**Required work:** The output must be the line with "Villa de luxe" and every following line to the end of the material, exactly as they appear, and nothing else.

=== Begin Enclosure ===

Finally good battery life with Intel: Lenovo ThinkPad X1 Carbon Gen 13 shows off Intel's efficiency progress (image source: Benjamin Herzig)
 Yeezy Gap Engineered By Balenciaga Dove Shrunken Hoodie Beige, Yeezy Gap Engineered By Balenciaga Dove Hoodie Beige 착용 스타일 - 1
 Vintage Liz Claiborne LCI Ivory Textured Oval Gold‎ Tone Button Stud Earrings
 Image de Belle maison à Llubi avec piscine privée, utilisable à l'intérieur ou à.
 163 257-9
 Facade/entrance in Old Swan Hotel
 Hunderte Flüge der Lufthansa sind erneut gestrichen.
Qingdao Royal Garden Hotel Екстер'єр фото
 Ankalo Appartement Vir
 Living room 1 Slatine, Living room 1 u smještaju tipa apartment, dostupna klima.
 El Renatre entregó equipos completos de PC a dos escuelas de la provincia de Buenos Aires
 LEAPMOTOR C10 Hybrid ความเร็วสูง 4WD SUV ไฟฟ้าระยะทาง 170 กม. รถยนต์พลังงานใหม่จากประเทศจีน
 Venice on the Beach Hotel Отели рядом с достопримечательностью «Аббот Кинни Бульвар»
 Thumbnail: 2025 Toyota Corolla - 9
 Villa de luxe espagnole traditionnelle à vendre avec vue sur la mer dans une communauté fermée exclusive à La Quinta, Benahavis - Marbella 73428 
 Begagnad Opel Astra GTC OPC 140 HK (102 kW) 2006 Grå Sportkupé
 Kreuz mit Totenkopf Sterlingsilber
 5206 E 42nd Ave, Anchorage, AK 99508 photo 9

=== End Enclosure ===

**Your response:**
 Villa de luxe espagnole traditionnelle à vendre avec vue sur la mer dans une communauté fermée exclusive à La Quinta, Benahavis - Marbella 73428 
 Begagnad Opel Astra GTC OPC 140 HK (102 kW) 2006 Grå Sportkupé
 Kreuz mit Totenkopf Sterlingsilber
 5206 E 42nd Ave, Anchorage, AK 99508 photo 9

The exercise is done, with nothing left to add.